(Stored items from a collection)
════════════════

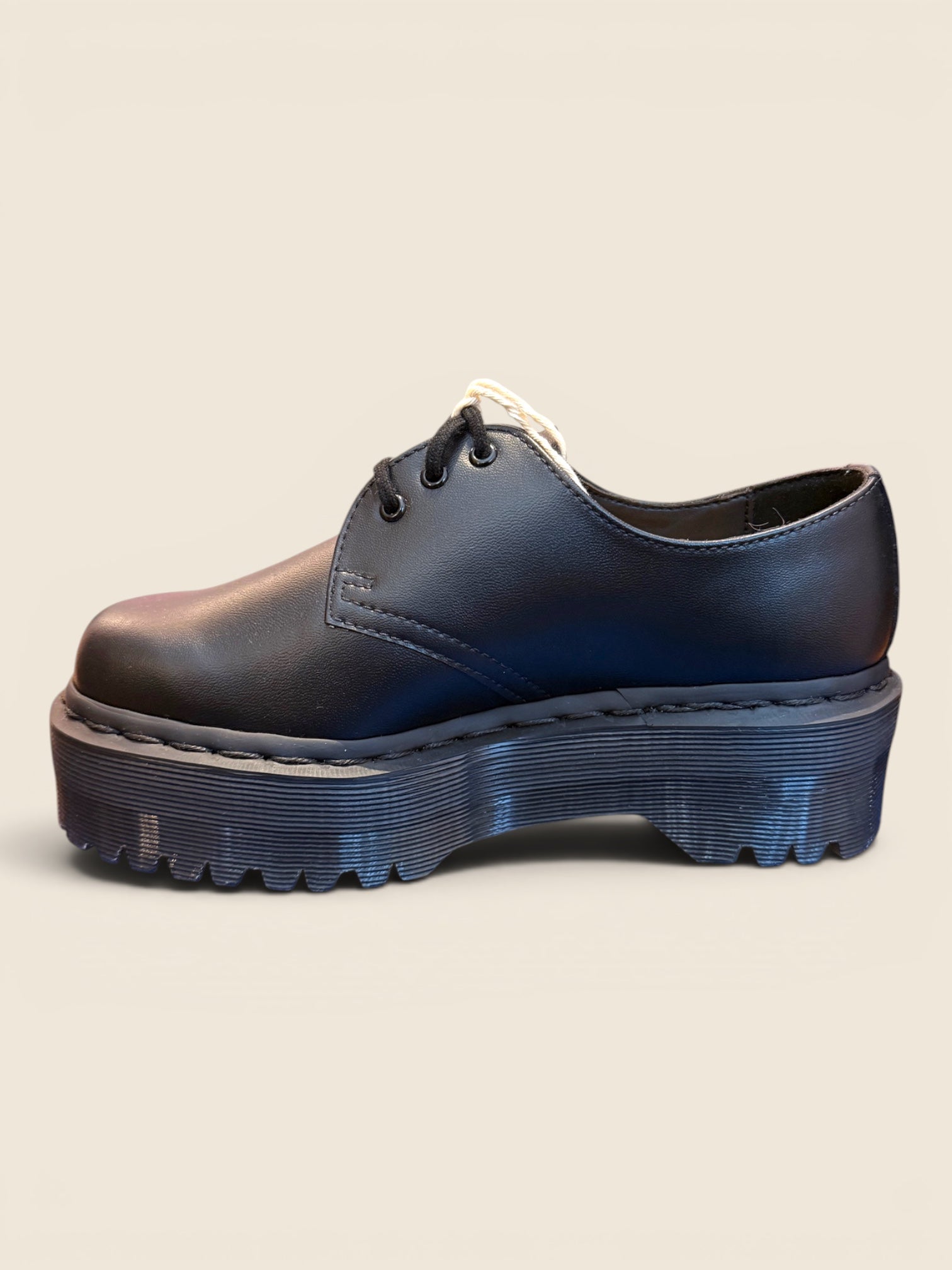 Dr. Martens Plateau Schuh Schwarz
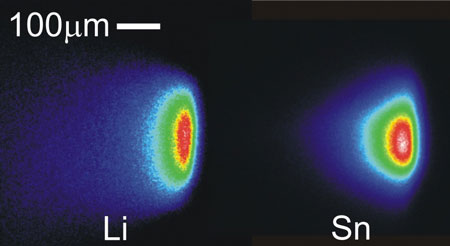 False-color images of the tin and lithium plasma plumes in EUV emission through a 7 to 15 nm filter, obtained under identical conditions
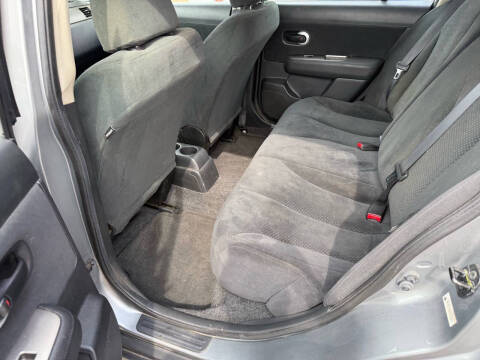 2012 Nissan Versa 1.8 S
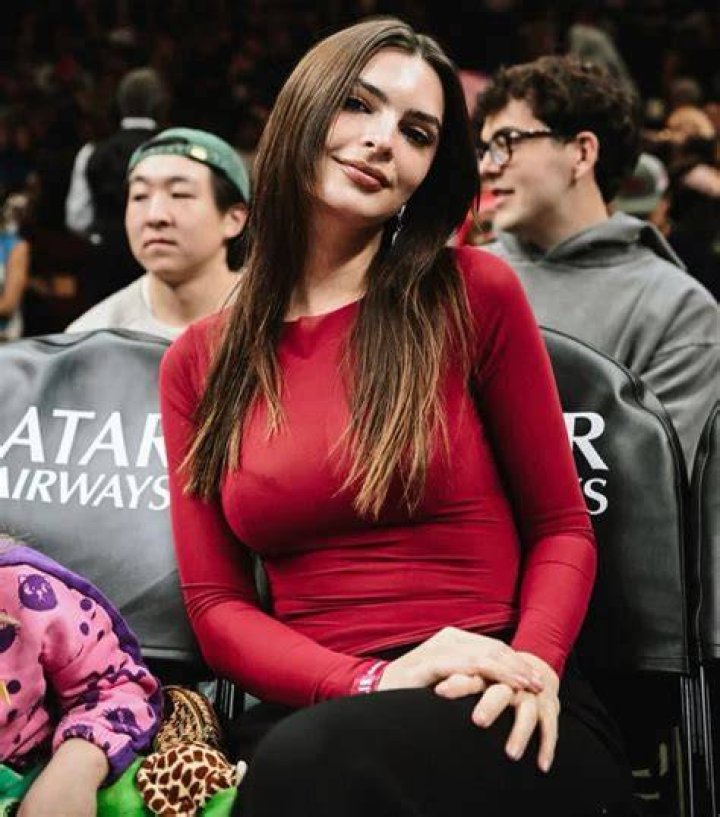 Emily Ratajkowski Loses A Shoe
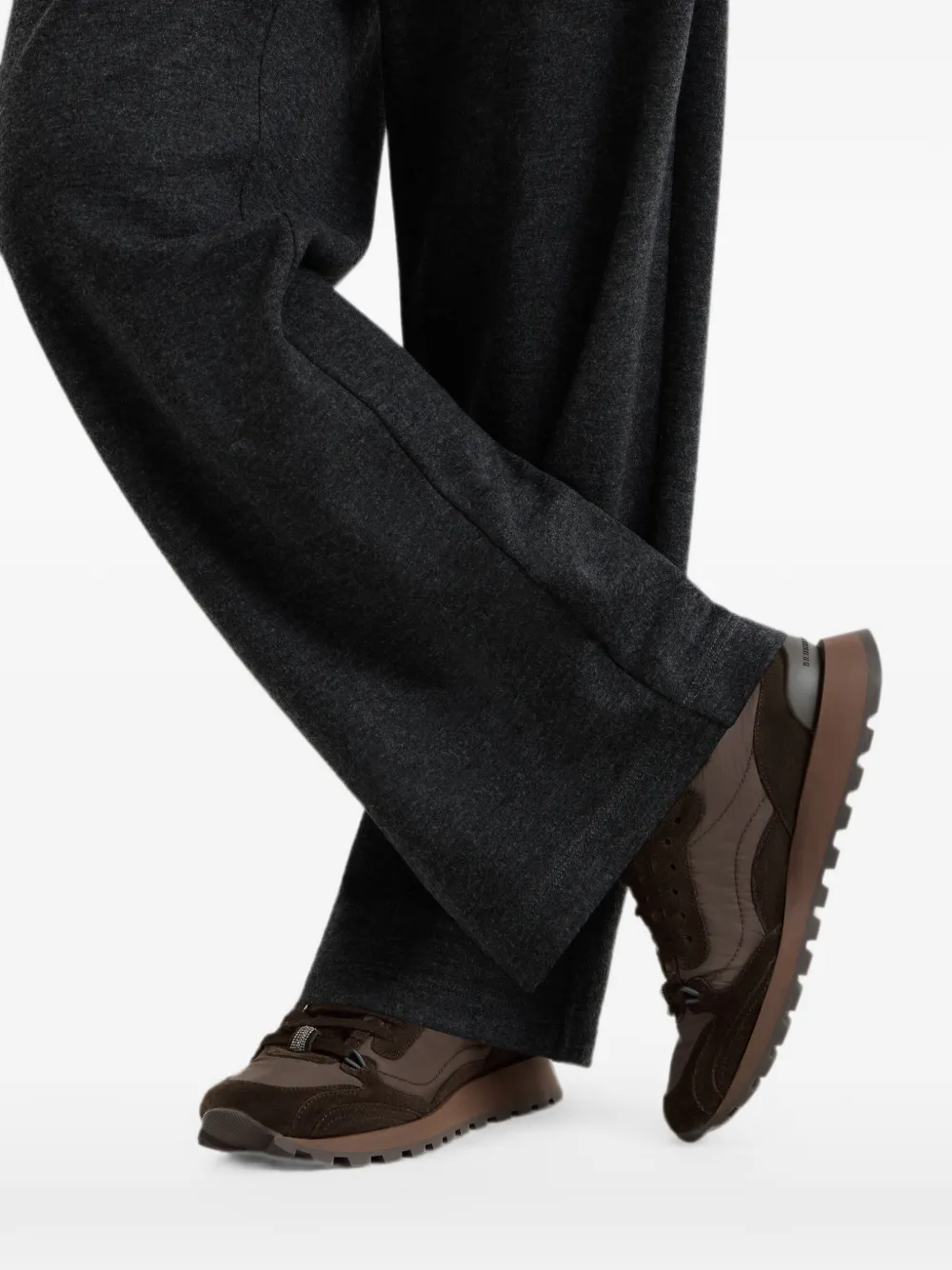 Brunello Cucinelli Suède en techno sneakers met lammy voering en monili Bruin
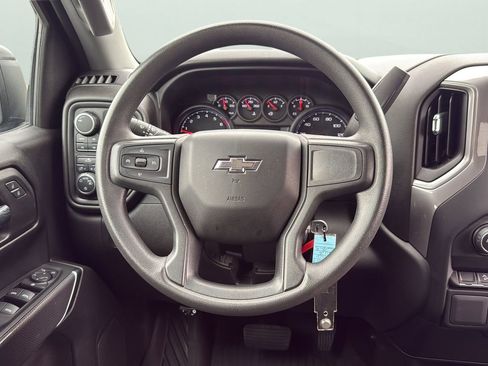 Used 2022 Chevrolet Silverado 1500 Custom Trail Boss w/ Midnight Edition AWD/4WD image 11
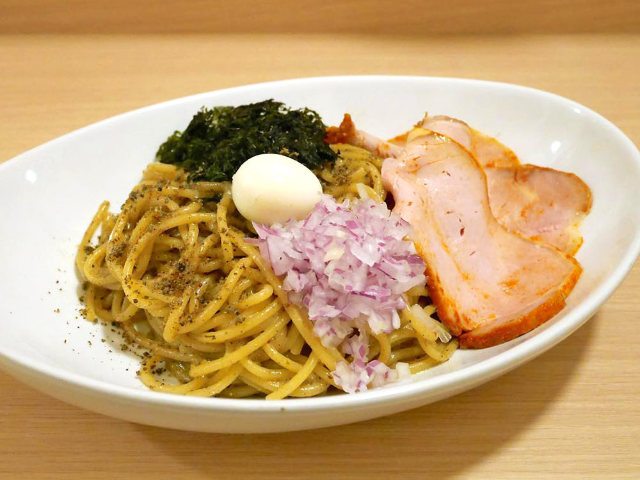 にぼたんって…？日本橋「煮干しパスタ専門店」に連日大行列！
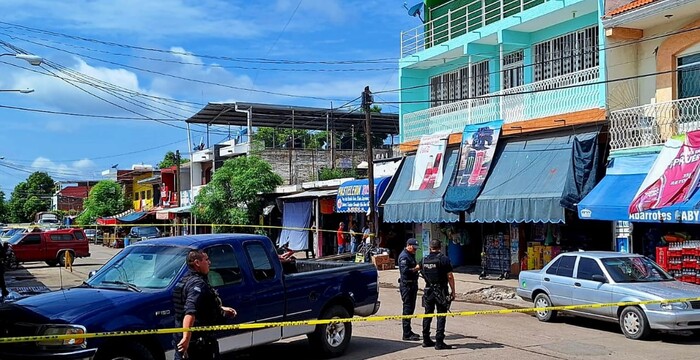 #Fotos | Adolescente es asesinado a tiros frente a tienda de abarrotes, en Apatzingán 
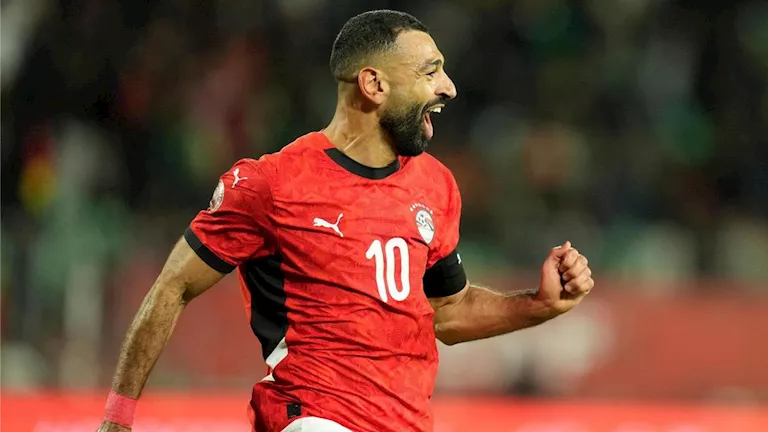 "صنع المجد".. فيفا يبرز محطات صلاح التاريخية مع منتخب مصر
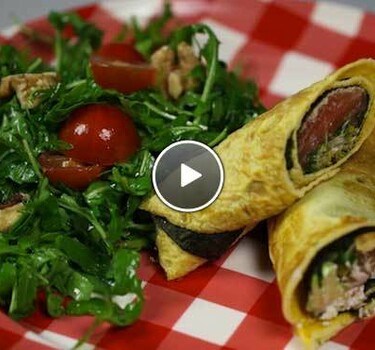 Omelet sushi wraps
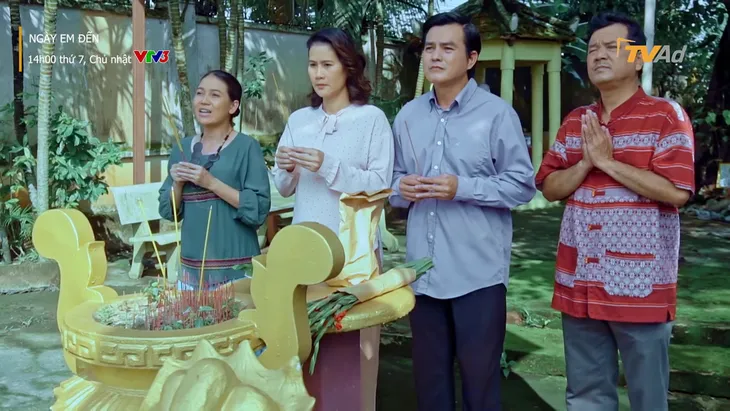 Ngày em đến - Tập 24: Bầu 4 tháng, Trà vẫn hóa sơn nữ sắp cưới Tài lần nữa - Ảnh 3. Ngày em đến - Tập 24: Bầu 4 tháng, Trà vẫn hóa sơn nữ sắp cưới Tài lần nữa - Ảnh 3.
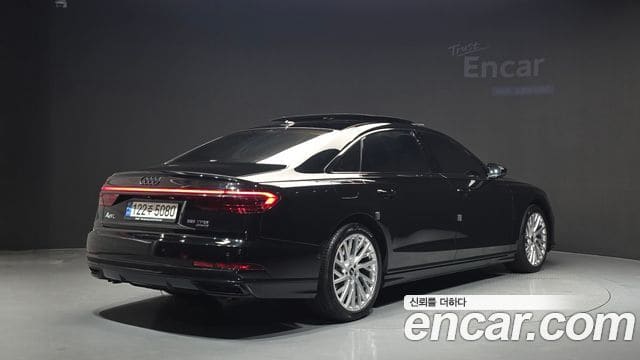 Audi A8 — фото 1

════════════════

## Requirement:
Above, find the line with "False-color images of"; copy it and every line down to the line with "Omelet sushi wraps", exactly and both included, but no pictures.

## Solution to the exercise:
 False-color images of the tin and lithium plasma plumes in EUV emission through a 7 to 15 nm filter, obtained under identical conditions
 2012 Nissan Versa 1.8 S
 Emily Ratajkowski Loses A Shoe
 Brunello Cucinelli Suède en techno sneakers met lammy voering en monili Bruin
 Used 2022 Chevrolet Silverado 1500 Custom Trail Boss w/ Midnight Edition AWD/4WD image 11
 にぼたんって…？日本橋「煮干しパスタ専門店」に連日大行列！
 #Fotos | Adolescente es asesinado a tiros frente a tienda de abarrotes, en Apatzingán 
 "صنع المجد".. فيفا يبرز محطات صلاح التاريخية مع منتخب مصر
 Omelet sushi wraps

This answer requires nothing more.